Could the records below be restated word for word, without a single picture?

-- Source records follows --

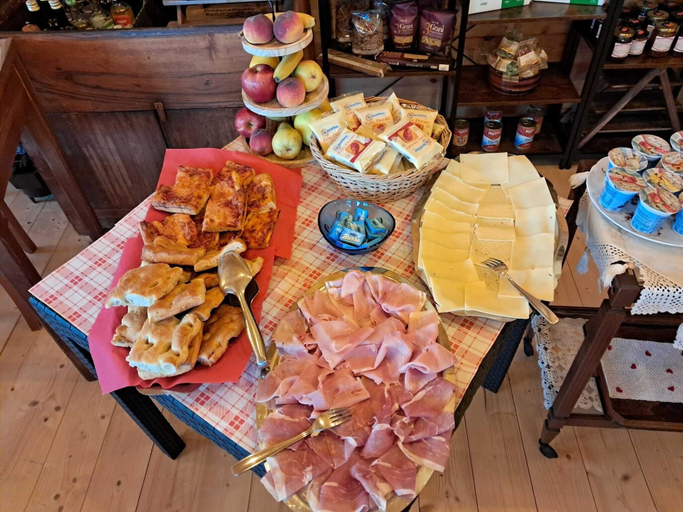 Food & Drinks 3, Villaggio Turistico Tecciù di Cuppi, Savona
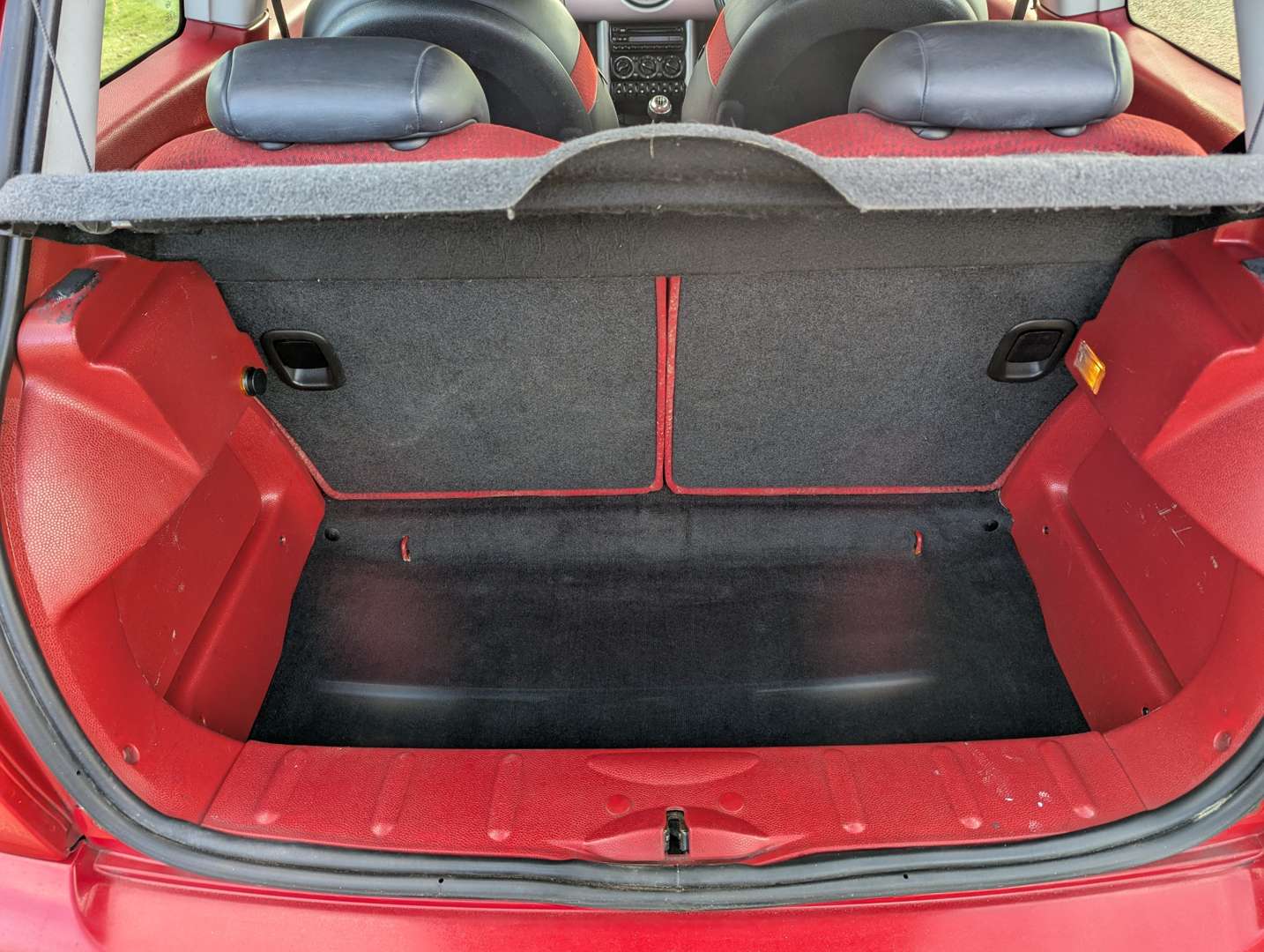 <p>2001 MINI COOPER</p>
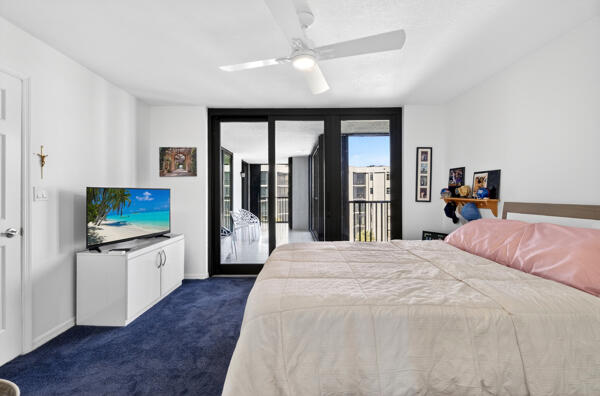 19800 Sandpointe Bay #708 Tequesta, FL 33469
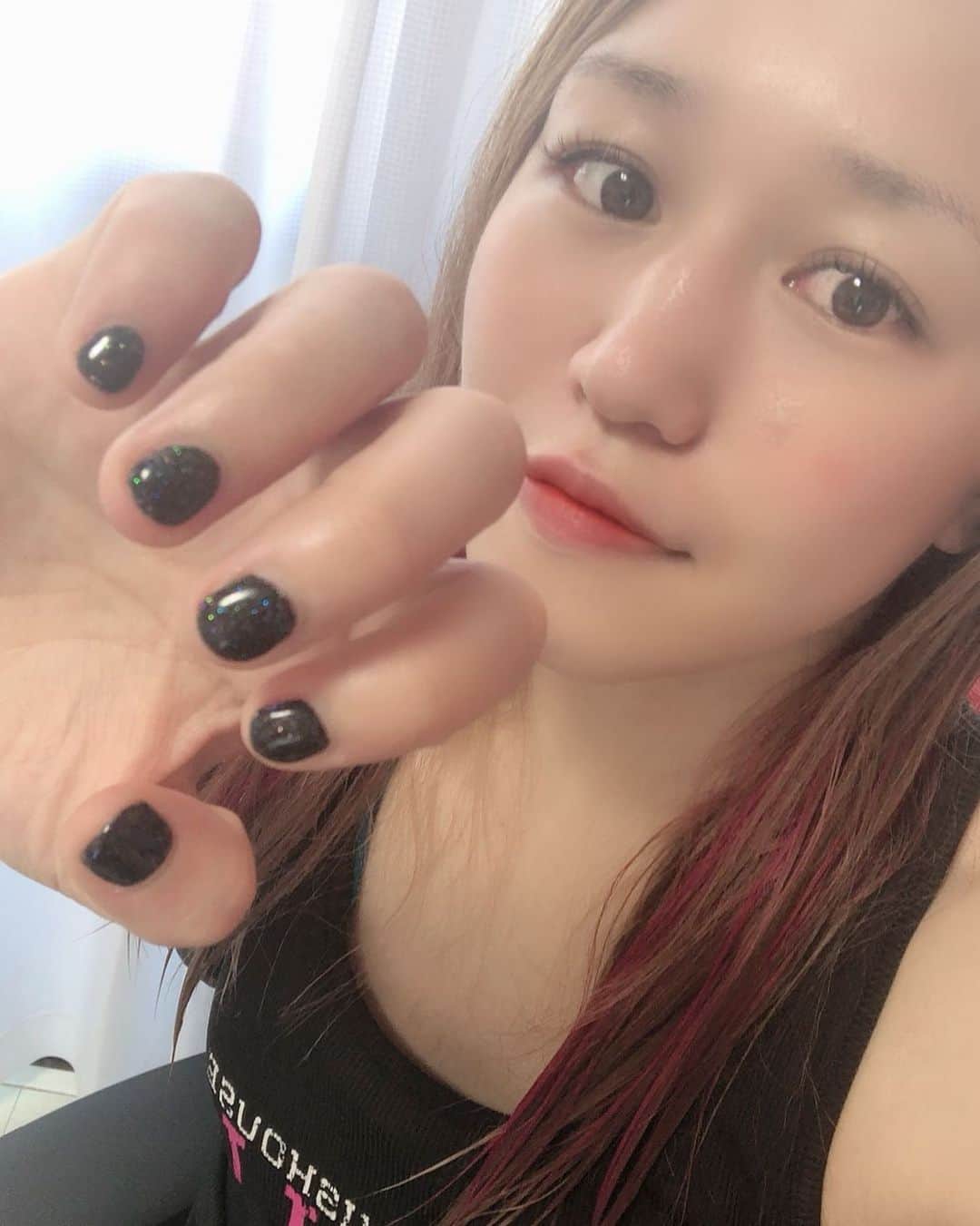 朱里さんのインスタグラム写真 - (朱里Instagram)「爪は黒くしたぜっ  さぁさ一日がんばっぺ( ͡° ͜ʖ ͡°) #goodmorning #morning #nail #black #new #color」6月17日 6時00分 - syuri_official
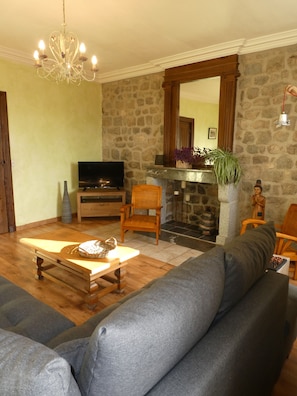 TV, table tennis - Charming house with swimming pool (Rochepaule)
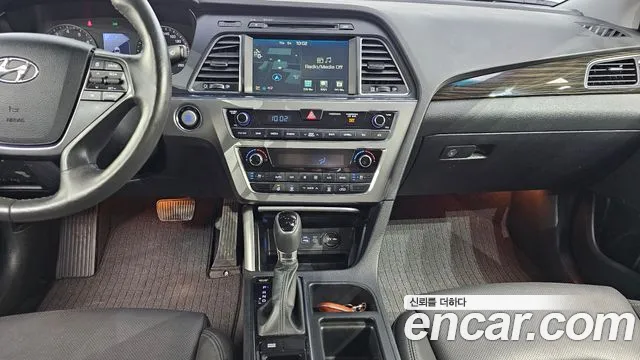 Hyundai Sonata 2017 — фото 17
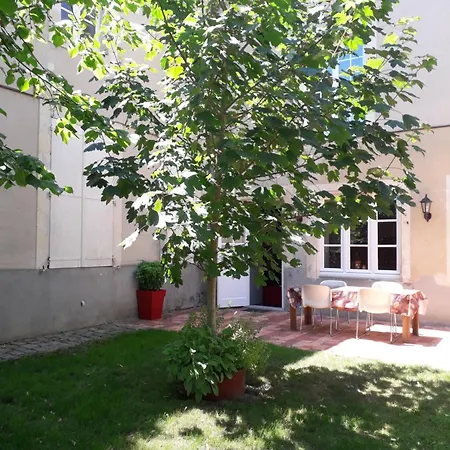 Quasimodo Tatil Evi Baugé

-- Source records concluded --

● Task solution:
 Food & Drinks 3, Villaggio Turistico Tecciù di Cuppi, Savona
 <p>2001 MINI COOPER</p>
 19800 Sandpointe Bay #708 Tequesta, FL 33469
 朱里さんのインスタグラム写真 - (朱里Instagram)「爪は黒くしたぜっ  さぁさ一日がんばっぺ( ͡° ͜ʖ ͡°) #goodmorning #morning #nail #black #new #color」6月17日 6時00分 - syuri_official
 TV, table tennis - Charming house with swimming pool (Rochepaule)
 Hyundai Sonata 2017 — фото 17
 Quasimodo Tatil Evi Baugé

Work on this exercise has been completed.